Tentative tax deal would make everyone pay more


For individuals making up to $200,000 and families making up to $250,000, the rest of their taxes would remain the same, as the Bush-era tax cuts were made permanent for them.

The wealthy would get less generous tax breaks.

For single filers with taxable income above $250,000 and couples with income over $300,000, the tax credits and deductions enjoyed by most taxpayers would be phased out starting at those thresholds. The deal would limit the number of personal tax exemptions they can claim when filing income-tax returns, and limit the value of the itemized tax deductions they take.

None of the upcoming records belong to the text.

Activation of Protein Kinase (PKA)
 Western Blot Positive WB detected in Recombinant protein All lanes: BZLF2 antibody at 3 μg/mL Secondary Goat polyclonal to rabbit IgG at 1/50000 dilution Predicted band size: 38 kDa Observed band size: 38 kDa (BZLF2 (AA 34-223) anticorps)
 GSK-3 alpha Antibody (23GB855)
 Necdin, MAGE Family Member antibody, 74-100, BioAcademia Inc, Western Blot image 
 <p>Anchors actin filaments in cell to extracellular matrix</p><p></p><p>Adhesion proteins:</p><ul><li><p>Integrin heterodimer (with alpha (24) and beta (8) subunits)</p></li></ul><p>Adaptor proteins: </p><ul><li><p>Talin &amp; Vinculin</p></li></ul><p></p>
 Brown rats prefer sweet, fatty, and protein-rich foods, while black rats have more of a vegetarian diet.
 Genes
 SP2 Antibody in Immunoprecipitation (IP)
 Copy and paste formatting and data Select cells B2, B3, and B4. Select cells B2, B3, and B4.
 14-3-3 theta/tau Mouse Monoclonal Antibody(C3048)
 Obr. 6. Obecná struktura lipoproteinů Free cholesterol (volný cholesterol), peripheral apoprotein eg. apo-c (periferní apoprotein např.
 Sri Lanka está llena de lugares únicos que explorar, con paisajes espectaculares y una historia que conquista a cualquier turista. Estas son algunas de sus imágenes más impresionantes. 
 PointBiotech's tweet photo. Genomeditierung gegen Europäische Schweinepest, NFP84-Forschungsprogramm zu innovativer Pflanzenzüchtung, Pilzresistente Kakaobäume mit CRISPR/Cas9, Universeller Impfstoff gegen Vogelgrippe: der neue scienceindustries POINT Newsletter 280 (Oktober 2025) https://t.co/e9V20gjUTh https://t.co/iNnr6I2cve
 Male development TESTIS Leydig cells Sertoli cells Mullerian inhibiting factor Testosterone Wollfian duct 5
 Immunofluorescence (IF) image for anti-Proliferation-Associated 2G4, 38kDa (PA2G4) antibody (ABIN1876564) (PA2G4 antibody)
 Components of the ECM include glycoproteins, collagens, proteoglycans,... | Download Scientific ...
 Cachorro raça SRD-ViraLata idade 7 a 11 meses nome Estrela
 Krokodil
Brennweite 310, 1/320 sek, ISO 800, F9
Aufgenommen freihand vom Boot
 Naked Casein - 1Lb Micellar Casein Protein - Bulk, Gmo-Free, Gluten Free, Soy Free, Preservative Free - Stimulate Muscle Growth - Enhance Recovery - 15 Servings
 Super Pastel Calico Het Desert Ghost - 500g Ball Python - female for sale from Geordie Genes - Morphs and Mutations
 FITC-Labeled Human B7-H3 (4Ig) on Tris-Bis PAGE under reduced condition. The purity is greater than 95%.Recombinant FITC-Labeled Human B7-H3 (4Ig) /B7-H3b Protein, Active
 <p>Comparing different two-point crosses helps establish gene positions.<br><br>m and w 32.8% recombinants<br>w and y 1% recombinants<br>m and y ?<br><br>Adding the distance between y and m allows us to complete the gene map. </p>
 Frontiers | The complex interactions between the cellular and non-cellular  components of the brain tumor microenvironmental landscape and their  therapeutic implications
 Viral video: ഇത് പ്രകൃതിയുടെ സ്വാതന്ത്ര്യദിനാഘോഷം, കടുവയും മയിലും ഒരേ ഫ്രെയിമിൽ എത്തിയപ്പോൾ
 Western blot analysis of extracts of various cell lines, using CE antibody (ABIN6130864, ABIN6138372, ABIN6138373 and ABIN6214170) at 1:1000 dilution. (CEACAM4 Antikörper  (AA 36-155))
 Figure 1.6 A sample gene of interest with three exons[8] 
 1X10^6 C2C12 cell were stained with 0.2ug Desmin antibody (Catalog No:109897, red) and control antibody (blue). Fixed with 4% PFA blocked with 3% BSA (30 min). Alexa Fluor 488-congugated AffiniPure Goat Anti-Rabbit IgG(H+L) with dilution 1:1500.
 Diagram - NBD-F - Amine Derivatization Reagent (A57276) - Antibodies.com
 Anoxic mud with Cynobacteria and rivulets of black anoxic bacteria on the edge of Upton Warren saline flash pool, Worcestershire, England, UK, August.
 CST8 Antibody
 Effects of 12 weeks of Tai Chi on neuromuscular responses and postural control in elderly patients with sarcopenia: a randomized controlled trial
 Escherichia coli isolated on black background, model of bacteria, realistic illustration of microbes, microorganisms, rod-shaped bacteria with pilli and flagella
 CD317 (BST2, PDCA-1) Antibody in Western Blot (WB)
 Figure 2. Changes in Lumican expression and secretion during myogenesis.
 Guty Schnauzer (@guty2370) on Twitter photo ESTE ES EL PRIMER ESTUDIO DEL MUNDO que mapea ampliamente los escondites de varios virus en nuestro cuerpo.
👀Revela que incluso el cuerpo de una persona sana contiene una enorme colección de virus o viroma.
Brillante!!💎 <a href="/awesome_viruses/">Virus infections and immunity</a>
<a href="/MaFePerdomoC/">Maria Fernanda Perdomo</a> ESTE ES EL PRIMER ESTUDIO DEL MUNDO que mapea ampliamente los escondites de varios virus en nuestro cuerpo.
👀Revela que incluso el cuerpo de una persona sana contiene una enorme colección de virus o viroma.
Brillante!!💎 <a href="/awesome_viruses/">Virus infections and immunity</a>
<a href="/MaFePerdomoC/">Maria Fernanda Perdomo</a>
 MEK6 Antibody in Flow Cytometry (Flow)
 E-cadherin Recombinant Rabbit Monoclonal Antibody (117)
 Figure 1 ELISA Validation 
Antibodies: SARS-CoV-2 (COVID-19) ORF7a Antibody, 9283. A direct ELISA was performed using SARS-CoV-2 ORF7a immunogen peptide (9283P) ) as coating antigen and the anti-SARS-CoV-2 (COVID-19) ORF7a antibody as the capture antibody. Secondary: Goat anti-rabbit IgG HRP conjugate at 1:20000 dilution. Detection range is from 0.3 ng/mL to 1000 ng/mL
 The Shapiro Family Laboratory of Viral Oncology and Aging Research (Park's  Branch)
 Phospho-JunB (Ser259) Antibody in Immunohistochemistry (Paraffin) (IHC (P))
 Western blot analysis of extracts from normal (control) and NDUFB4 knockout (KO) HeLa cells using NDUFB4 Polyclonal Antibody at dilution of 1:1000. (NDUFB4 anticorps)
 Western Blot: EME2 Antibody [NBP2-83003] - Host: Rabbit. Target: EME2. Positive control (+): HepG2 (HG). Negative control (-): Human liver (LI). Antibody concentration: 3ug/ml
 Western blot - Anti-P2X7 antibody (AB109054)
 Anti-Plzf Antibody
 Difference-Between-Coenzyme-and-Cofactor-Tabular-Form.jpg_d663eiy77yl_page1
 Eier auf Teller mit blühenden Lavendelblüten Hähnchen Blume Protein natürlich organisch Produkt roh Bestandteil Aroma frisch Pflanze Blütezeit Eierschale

Individuals with taxable income above $400,000 and families with income over $450,000 would pay a top tax rate of 39.6 percent, up from 35 percent. They would also pay 20 percent on capital gains and dividends, up from 15 percent. It could have been worse for such taxpayers: Taxes on dividends were poised to revert to the rate of taxpayer’s ordinary income, as it was in the pre-Bush years.

In another compromise, lawmakers agreed to a raise the inheritance tax, sometimes called the estate tax, from 35 percent to 40 percent on inheritances above $5 million. This is an issue of great interest in farm states, where many properties are left to children. Although the compromise reflects an increase, it is below the 45 percent rate sought by President Barack Obama on inheritances valued above $3.5 million.

More than 4.8 million U.S. workers in December were counted as unemployed for six months or longer, roughly 40 percent of all unemployed. Lawmakers Monday tentatively agreed to extend unemployment insurance benefits. The last 2012 checks were sent out on Dec. 29, and the long-term unemployed had faced the prospect of a very grim start to 2013.

For older Americans, it was what’s not in the deal that mattered. House Speaker John Boehner, R-Ohio, had pushed for a less generous measure of how Social Security benefits are adjusted annually, to cut $200 billion in spending over 10 years. That was left out of the deal, after opposition from AARP, the powerful lobby for seniors.